Le programme FLP-T a pour objectif de redonner à la France une capacité de frappe dans la profondeur, essentielle notamment dans la guerre en Ukraine. «Vous le savez, notre pays a souhaité se doter pour la frappe dans la profondeur d’un successeur au lance-roquettes unitaire [LRU], a-t-elle déclaré. Nous sommes en phase, je vous l’annonce ce matin, [il y a] des négociations exclusives avec un groupement souverain composé de Safran et MBDA», a déclaré la ministre, ce lundi 15 juin, citée par BFMTV.
Quel est le système Thundart présenté ?
D’autant plus que la fin des LRU, dérivés d’un système développé par l’américain Lockheed Martin, aurait provoqué un risque de rupture capacitaire pour l’armée de Terre. Pour remporter les «enchères», le consortium Safran-MBDA a dévoilé, en avril dernier, le système Thundart. Cette roquette sol-sol de longue portée est capable d'amener huit roquettes sur un camion-lanceur «tout chemin» qui peut rouler jusqu'à 80 km/h. Il peut «délivrer le tir» et la capacité de «pouvoir vite changer de position», précisait Michael Soulat, responsable du programme de Safran Electronics & Defense, lors du premier tir de démonstration.
La concurrence était pourtant rude pour les deux entreprises. L’association ArianeGroup et Thales ont présenté un missile balistique de longue portée qui pourrait potentiellement atteindre jusqu’à 2 500 kilomètres.
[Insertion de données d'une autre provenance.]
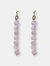 Iridescent Petal Pink Crystal Drop Earring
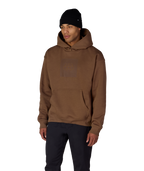 KNOCKOUT LOGO PREMIUM HEAVYWEIGHT PULLOVER HOODY - DARK EARTH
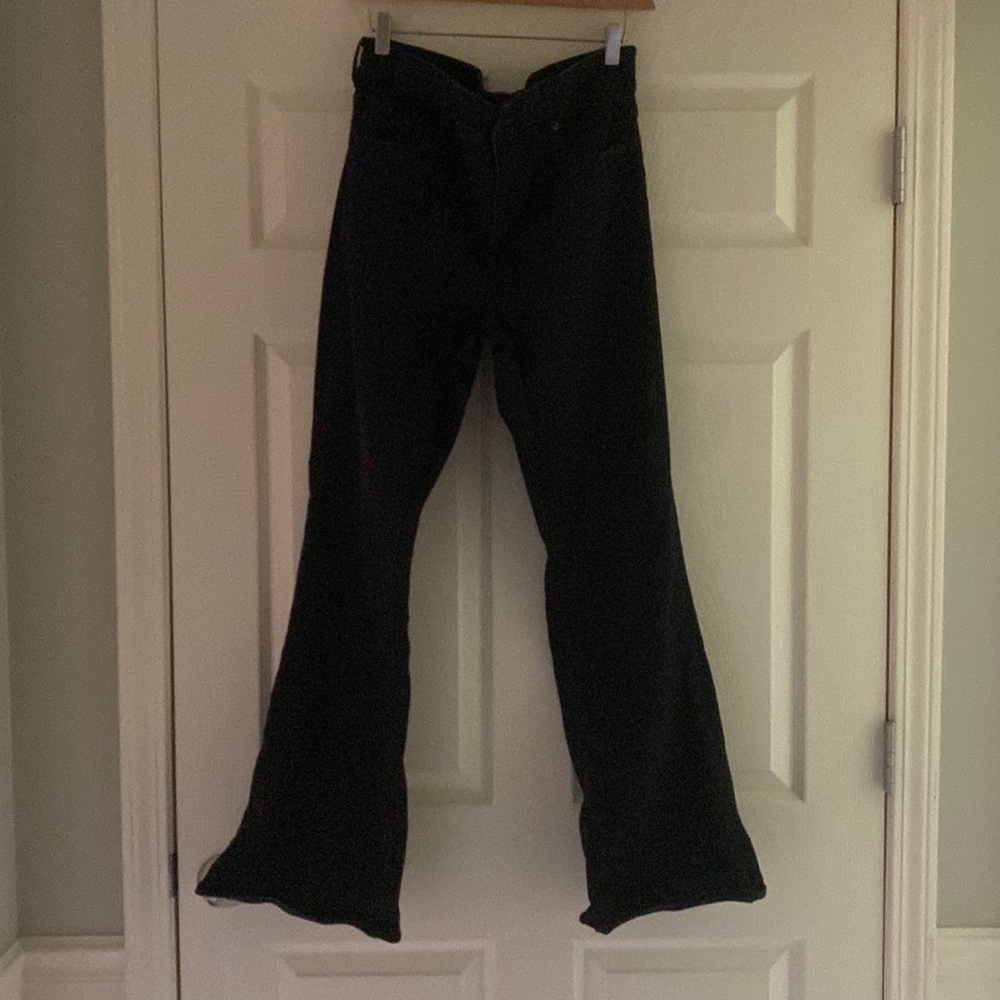 American Eagle High Rise Artistic Flare Jeans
Plusieurs autres candidatures sur étagère ont également été étudiées par la Direction générale de l’armement (DGA) afin de comparer leurs performances, leurs coûts et leurs délais de livraison : le système sud-coréen K239 Chunmoo et le dispositif Himars américain de Lockheed Martin.
Pas de négociations exclusives pour l'instant
Si Safran et MBDA ont pris une longueur d’avance, des négociations exclusives ne sont pas à l’ordre du jour puisque l’hypothèse d’un recours au Himars n’est pas écartée. Mais le gouvernement pourrait se heurter à la méfiance d’une partie de la classe politique et du secteur industriel, qui ne souhaitent pas dépendre autant des Etats-Unis pour une capacité considérée comme stratégique.